Oscar_Romero · December 2, 2022, 12:49pm

In our research we end up wrapping pytorch into a ThreadPool with a single thread and allow the asyncio free up the current MainThread to execute other asyncio tasks like data download while pytorch is computing.

_POOL = futures.ThreadPoolExecutor(max_workers=1)
def compute_wrapper(data): 
     model = thread_context.get("model") # way to find the model into the thread context or create.
     return model.forward(data)

... into the asyncio loop ..... 
async compute_event(data_url): 
   data = await http_client.get(data_url)
   result = await asyncio.get_event_loop().run_in_executor(_POOL, functools.partial(compute_wrapper, data))
   return result


... somewhere in the async code ...

def main(): 
   coros = [compute_event(data_url) for data in data_list ]
   results  = await asyncio.gather(*coros)

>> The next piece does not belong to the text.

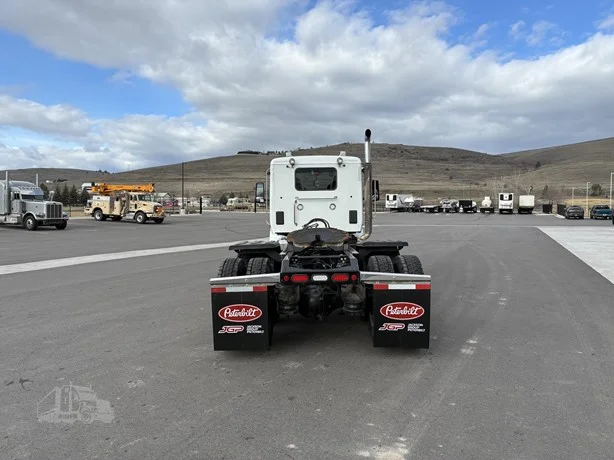2024 Peterbilt 567 - image 9
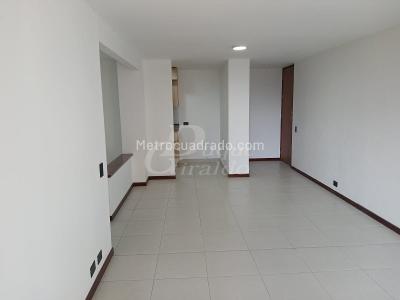 Apartamento de 2 alcobas en arriendo en Los Balsos, Medellín, 78 m² · foto 3 de 14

This code will perform len(data_list) concurrent downloads using asyncio main thread and perform forward pass on the single model without blocking the main thread waiting the result of pytorch and let it download more data because the thread that is waiting the result of pytorch is the one that is on the ThreadPool.

If the time of download is bigger than the time of compute you will see a several improvements on the speed of your script. If the cpu time is much much lower than your download time the result will be the same as waiting the pytorch to compute while downloading.

Note: Actually there is no way to guarantee that all pytorch code is writed into a thread safe way so we end up to create as single thread that interacts with the model. If you can load a different model for each thread you can increase the thread pool size. Anyway you won’t see any speed improvements loading multiple models per thread and sharing the same GPU, multiple GPUs can improve.

This code is good if you work with FastAPI, ASGI, aiopika ( RabbitMQ ), aiokafka, aiompq, or other async environments where the number of concurrent IO is really high and must be shared with the CPU bound task made by pytorch. But in a normal research, scripting and/or development case this can only complicate the work.